Para penguasa zalim, sebagaimana halnya Namrudz, Firaun, Herodes hingga pembesar musyrik Quraisy menginginkan agar dakwah berhenti. Bahkan mereka berupaya menghentikan. Namun, Nabi yang mulia tetap dalam pendirian, kokoh dalam sikap, tidak mundur apalagi berhenti menyampaikan risalah dakwah.

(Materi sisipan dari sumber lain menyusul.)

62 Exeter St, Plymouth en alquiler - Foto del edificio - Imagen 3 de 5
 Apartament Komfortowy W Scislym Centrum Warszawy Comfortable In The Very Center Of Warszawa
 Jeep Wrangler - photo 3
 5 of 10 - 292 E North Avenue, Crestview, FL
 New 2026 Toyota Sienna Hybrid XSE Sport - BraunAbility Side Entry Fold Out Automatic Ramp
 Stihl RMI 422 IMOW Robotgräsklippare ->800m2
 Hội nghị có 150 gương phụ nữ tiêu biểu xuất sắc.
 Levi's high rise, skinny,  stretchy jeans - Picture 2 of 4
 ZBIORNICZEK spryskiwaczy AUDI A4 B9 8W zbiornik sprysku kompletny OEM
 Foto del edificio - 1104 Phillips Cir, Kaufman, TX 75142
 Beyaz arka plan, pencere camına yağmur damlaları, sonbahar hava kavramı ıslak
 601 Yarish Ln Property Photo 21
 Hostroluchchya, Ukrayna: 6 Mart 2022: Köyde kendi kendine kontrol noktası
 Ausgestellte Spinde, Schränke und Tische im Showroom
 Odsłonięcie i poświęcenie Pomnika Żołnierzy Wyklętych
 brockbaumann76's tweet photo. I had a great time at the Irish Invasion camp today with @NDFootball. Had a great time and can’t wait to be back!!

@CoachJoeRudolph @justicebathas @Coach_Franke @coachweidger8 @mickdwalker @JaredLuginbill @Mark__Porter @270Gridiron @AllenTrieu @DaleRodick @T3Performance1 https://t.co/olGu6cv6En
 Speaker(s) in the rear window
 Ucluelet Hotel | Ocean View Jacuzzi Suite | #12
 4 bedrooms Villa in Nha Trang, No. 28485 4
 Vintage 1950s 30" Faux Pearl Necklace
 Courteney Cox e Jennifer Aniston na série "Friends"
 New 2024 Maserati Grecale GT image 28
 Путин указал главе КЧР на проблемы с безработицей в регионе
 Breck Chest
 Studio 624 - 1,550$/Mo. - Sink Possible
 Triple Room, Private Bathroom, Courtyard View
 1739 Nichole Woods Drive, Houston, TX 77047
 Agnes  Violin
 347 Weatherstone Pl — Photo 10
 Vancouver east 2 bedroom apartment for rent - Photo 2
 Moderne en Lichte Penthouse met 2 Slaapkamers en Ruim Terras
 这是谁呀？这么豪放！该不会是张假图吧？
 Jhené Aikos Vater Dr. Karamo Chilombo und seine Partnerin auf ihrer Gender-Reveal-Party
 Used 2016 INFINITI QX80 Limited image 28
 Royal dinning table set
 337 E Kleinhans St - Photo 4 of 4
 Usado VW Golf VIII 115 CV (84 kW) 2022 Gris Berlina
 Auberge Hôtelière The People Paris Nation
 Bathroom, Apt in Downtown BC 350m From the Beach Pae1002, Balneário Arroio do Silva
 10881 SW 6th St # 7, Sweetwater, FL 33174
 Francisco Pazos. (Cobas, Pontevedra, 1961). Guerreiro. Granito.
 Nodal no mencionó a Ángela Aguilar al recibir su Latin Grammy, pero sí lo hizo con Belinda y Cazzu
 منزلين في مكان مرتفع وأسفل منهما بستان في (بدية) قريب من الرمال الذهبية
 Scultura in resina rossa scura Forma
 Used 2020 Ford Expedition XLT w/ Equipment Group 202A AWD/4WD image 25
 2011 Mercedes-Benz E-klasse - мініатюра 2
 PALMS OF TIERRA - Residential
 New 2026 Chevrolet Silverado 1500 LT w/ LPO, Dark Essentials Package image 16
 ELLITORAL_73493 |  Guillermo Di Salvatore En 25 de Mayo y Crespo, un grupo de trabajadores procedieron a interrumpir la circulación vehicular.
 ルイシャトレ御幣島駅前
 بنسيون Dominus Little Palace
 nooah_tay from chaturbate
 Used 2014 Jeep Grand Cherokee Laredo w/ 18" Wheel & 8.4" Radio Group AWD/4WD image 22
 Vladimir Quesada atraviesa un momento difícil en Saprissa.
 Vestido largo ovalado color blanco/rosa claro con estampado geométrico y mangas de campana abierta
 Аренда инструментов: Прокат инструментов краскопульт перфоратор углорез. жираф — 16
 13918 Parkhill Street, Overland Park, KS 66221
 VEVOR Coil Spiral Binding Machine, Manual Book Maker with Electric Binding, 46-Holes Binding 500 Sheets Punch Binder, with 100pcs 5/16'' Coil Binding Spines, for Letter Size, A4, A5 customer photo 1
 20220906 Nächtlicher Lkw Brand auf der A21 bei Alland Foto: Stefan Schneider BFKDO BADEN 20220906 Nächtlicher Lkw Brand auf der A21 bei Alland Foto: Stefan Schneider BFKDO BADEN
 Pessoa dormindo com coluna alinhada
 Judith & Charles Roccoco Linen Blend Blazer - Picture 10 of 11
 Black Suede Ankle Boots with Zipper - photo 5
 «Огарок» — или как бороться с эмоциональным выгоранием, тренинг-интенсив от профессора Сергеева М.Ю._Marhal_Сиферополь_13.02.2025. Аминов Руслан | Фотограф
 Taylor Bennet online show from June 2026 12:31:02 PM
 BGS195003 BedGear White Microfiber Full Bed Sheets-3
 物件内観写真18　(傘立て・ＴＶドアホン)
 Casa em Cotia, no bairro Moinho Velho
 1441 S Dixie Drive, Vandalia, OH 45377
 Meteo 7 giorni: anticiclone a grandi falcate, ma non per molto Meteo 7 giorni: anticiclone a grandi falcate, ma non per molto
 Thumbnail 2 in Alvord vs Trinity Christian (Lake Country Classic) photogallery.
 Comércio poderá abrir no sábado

Begitupun halnya dengan kita saat ini. Jika kita benar-benar menapaki jalan Rasulullah saw. dalam berdakwah, maka apa yang beliau alami, pasti akan pula kita jumpai. Berbagai tantangan, ancaman hingga permusuhan terhadap dakwah yang dialami Rasulullah saw. pasti akan kita rasakan. Dalam hal kondisi dakwah Islam diperlakukan seperti itu, maka justru kita harus bergembira, karena itu sunnatullah. Berarti kita telah menapaki jalan yang benar, jalan yang lurus, jalannya para nabi dan Rasul. Justru kita mesti khawatir jika jalan dakwah bertabur bunga, riuh dengan pujian dan tepukan tangan, dekat dengan penguasa dzalim, disambut dengan karpet merah di pintu-pintu istana. Jika begitu, kemungkinan besar kita sudah salah jalan.
_____________________________
Ustadz Nashiruddin Abdul Halim, S.Ag.